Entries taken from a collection
----

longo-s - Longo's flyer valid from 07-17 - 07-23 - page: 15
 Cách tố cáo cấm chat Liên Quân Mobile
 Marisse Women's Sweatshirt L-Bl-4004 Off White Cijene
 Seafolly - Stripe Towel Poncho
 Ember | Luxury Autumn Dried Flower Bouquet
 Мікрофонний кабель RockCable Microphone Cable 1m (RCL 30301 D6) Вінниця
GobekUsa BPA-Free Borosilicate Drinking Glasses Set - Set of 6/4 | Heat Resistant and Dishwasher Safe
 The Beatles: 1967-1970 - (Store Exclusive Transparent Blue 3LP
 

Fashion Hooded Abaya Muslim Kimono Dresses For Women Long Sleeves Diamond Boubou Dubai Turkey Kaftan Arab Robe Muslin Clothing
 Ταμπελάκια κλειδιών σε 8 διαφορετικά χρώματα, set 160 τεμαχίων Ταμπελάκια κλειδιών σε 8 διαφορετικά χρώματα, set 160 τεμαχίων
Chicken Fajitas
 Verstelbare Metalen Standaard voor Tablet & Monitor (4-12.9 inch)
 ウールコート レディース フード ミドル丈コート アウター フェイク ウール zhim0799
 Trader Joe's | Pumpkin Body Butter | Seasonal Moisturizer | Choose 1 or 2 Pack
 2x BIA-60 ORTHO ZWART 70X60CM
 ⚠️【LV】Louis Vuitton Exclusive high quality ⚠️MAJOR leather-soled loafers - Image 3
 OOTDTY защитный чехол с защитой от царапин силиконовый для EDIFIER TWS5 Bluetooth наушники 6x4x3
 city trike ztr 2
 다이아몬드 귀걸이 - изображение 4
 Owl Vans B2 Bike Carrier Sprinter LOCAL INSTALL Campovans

----

TASK PROMPT: Only a number is wanted here: the count of lines above that hold the word "Women".

FINISHED EXERCISE: 2